First and foremost, I find myself unequivocally in the “anti” camp, but that’s neither here nor there. But the idea that this is somehow a trivial question fit only for internet losers with nothing better to do is completely wrong. The broader question is what really is a gift and what its social meaning is. This is anything but obvious and it kicked off one of the biggest anthropological debates since there was anthropology. How one feels about whether it’s ok to read a book before gifting it is connected to a constellation of opinions about gift-giving, exchange, and social relations that are anything but arcane or trivial. Consider The Gift by Marcel Mauss.
My emphasis. These are very different approaches to gift-giving. My personal intuition about gift-giving is that I must alienate the thing I am giving from myself completely. If I am giving someone a used item of sentimental value, the power of the gift comes from the fact that I am surrendering it completely to someone else.
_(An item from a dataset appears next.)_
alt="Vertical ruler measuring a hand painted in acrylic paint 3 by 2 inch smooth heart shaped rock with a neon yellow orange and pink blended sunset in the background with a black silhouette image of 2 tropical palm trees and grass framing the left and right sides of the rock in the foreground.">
If I am giving a new item, then social force comes from the fact that I resisted the temptation to assert my ownership or use rights over an object which I purchased and thus have a claim to. I could steam open the sticker that covers the DVD case, watch it, and put the sticker back on as new, but I don’t. This act of resisting temptation and completely alienating the good I own by right is what gives a gift its social meaning. This is the message I want the receiver of my gift to hear. “Maeglin gave you something of value that he might have liked for himself, but he did not assert his rights over this thing and he transfers them unreservedly to you instead.”
I simply can’t read a book before giving it away if I purchased it as new. It violates my social intuition because it is contrary to the very thing that distinguishes gifts from exchanges or one-way acts of goodwill, like dumping a bag of (gently) used but unwanted goods off with the Salvation Army. I give an object I used (but have no sentimental value for) to a stranger; I give a new object (or a valuable object used by someone else that I might like) to a friend.
I don’t think this choice has much moral valence. Malthus is certainly not a bad person for reading books before he gives them away. But I’m not sure I’d want to give and receive gifts with him because it might not mean the same thing to me as it does to him, and this could be the cause for unwanted friction later.
The thought of the boogers flying out of the readers nose and a book rife with boogers kind of made me giggle. Books are sacred, but sometimes the image is too much. Amazing how immature I still am at 38.
It’s not necessarily that you must prove you’ve been inconvenienced, but some people will notice you’ve read the book and be offended. Some people will notice and NOT be offended. I guess my point is, if you don’t know where the person you’re giving to stands or whether they’d realize the book was pre-read, why risk reading it if there’s a potential they’ll be offended or see you as “that person” who gives gifts so they can use them themselves?
Honestly, I might be taken aback if someone gave me a book they presented as new, only to find out they’d read it first. I wouldn’t care, ultimately. I like that others sometimes think of me enough to get me a gift they think I’d like. But you never know what’ll push people’s buttons.
I must say, I’m scratching my head over your cite and its relevance. I do not consider that by giving a gift of a book from my personal library, I have thereby demonstrated myself to be akin to a hunter-gatherer in my approach to private property.
Methinks you may be overthinking it a trifle. Not a problem, as I am easily amused by this sort of thing. So let’s go with your “anthropological model”.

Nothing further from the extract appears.